Segment Start: RECORDS FOR THIS EXERCISE
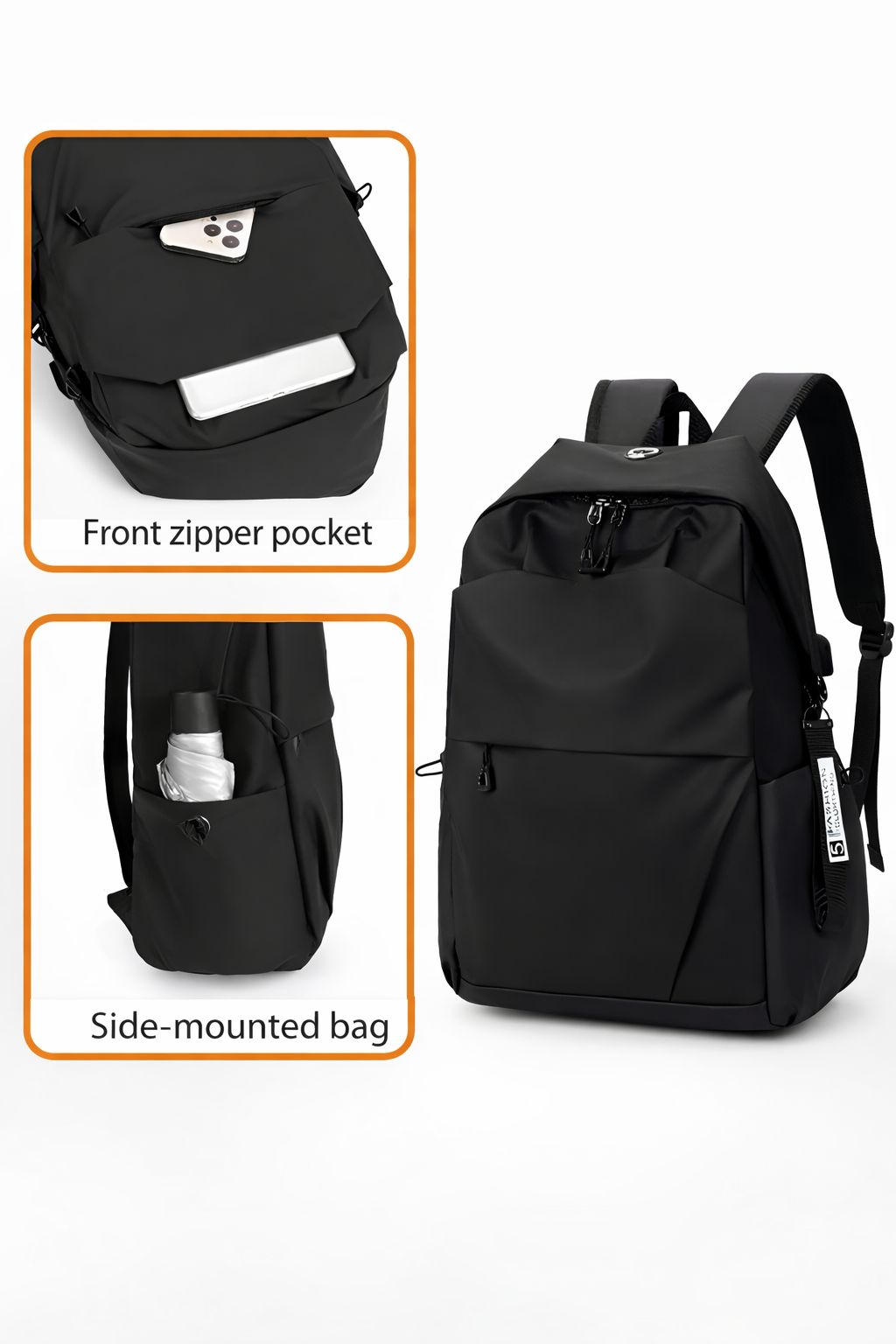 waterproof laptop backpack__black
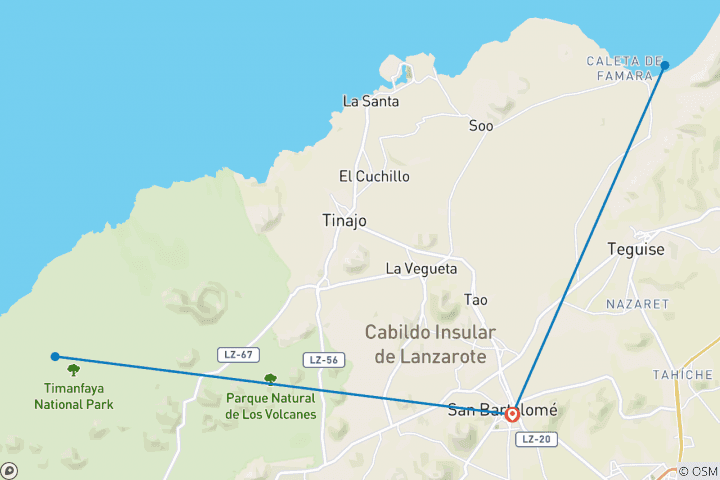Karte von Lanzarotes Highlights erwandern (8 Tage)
Segment End: RECORDS FOR THIS EXERCISE
Segment Start: RECORDS FOR THIS EXERCISE
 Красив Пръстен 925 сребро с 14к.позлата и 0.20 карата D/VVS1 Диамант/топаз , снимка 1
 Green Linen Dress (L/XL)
Segment End: RECORDS FOR THIS EXERCISE
Segment Start: RECORDS FOR THIS EXERCISE
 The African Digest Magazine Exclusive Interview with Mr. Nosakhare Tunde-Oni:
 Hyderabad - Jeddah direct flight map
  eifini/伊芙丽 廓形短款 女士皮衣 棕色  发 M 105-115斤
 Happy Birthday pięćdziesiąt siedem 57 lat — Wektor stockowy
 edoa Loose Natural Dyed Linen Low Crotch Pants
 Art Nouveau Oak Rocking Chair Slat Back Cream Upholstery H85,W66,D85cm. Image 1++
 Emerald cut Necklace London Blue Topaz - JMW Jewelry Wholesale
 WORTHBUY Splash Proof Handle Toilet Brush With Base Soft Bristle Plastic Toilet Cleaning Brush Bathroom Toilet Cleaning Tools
Segment End: RECORDS FOR THIS EXERCISE
## [YOUR ASSIGNMENT]
Above are the entries. Quote exactly the lines from the one bearing "The African Digest" through the one bearing "WORTHBUY Splash Proof".

## [RESULT BELOW]
 The African Digest Magazine Exclusive Interview with Mr. Nosakhare Tunde-Oni:
 Hyderabad - Jeddah direct flight map
  eifini/伊芙丽 廓形短款 女士皮衣 棕色  发 M 105-115斤
 Happy Birthday pięćdziesiąt siedem 57 lat — Wektor stockowy
 edoa Loose Natural Dyed Linen Low Crotch Pants
 Art Nouveau Oak Rocking Chair Slat Back Cream Upholstery H85,W66,D85cm. Image 1++
 Emerald cut Necklace London Blue Topaz - JMW Jewelry Wholesale
 WORTHBUY Splash Proof Handle Toilet Brush With Base Soft Bristle Plastic Toilet Cleaning Brush Bathroom Toilet Cleaning Tools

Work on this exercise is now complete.